_Problem details_
With the pictures omitted, repeat exactly the lines below starting with the line that has "Vase à glaçure" and going on through the line that has "Подержанный автомобиль Toyota".

_Material provided_
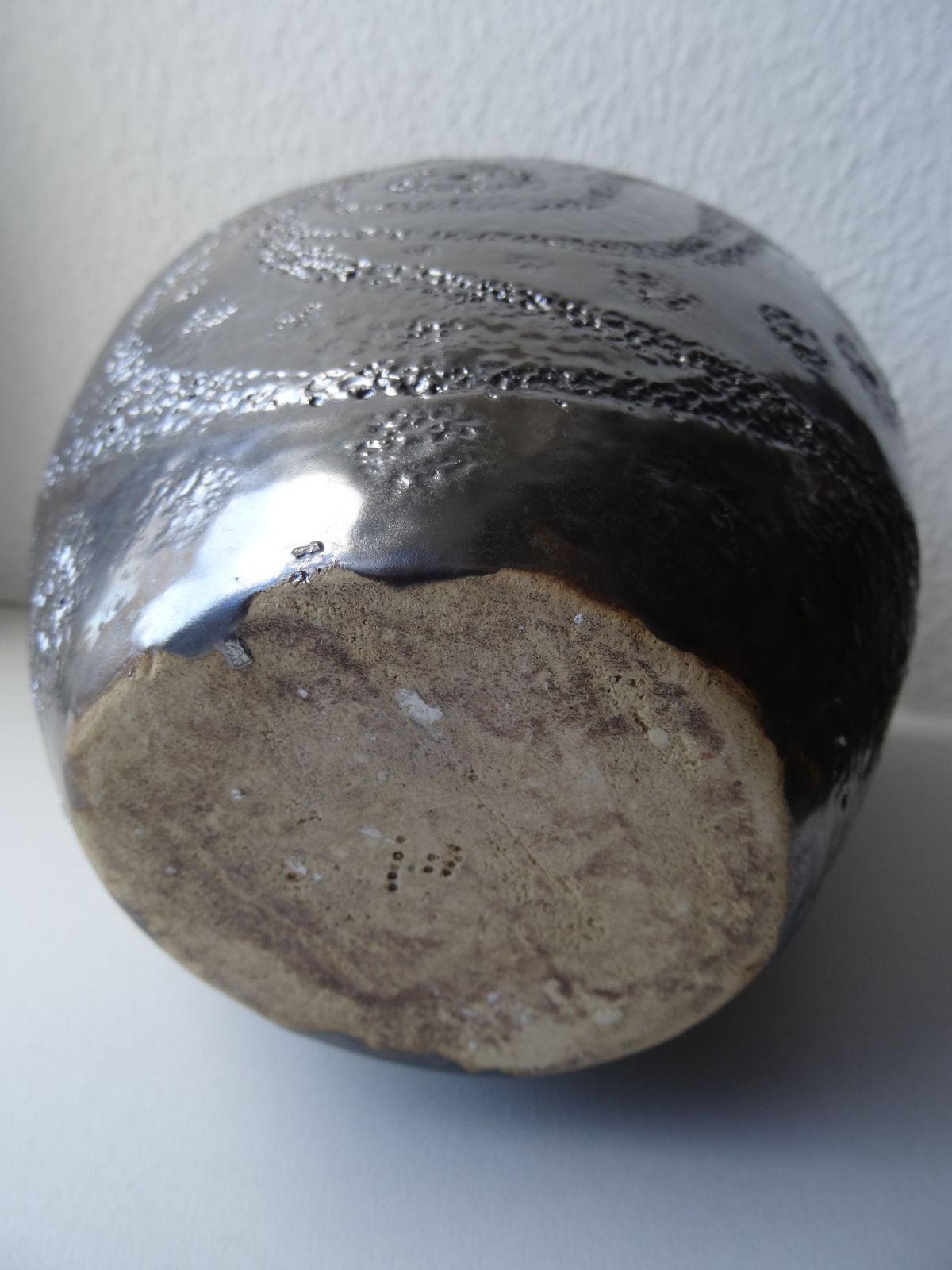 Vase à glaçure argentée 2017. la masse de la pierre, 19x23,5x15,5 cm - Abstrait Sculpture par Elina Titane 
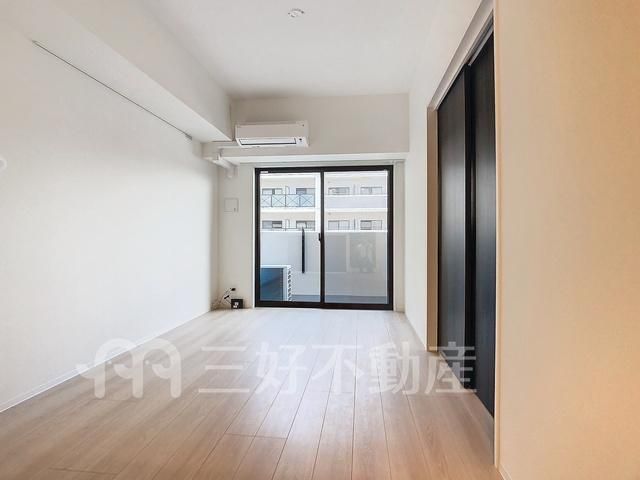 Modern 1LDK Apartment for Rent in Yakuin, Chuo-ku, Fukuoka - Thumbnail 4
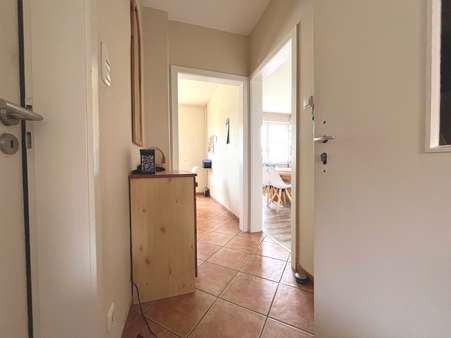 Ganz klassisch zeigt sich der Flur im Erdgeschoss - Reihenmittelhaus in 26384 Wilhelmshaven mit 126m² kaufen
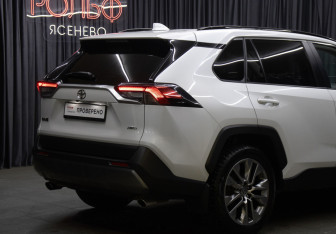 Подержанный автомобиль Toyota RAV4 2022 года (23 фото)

==

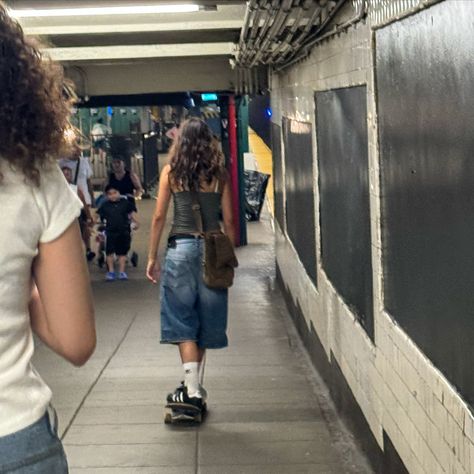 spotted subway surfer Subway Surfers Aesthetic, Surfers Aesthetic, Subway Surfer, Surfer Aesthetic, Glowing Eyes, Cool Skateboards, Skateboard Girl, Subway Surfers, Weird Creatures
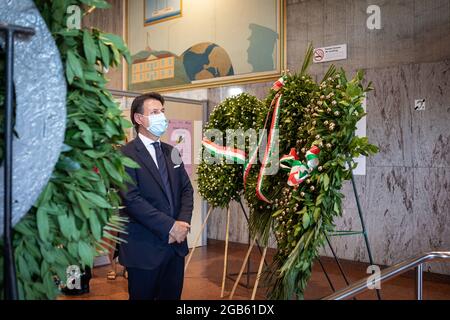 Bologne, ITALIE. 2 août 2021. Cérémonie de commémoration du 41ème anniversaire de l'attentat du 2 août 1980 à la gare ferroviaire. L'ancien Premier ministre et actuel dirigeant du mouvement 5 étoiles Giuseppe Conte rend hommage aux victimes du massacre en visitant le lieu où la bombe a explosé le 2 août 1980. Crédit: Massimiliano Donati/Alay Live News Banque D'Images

--

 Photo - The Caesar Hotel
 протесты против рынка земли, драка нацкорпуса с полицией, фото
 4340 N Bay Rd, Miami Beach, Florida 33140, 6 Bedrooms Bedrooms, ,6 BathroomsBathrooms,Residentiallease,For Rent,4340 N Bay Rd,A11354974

_Solution to this task_
 Vase à glaçure argentée 2017. la masse de la pierre, 19x23,5x15,5 cm - Abstrait Sculpture par Elina Titane 
 Modern 1LDK Apartment for Rent in Yakuin, Chuo-ku, Fukuoka - Thumbnail 4
 Ganz klassisch zeigt sich der Flur im Erdgeschoss - Reihenmittelhaus in 26384 Wilhelmshaven mit 126m² kaufen
 Подержанный автомобиль Toyota RAV4 2022 года (23 фото)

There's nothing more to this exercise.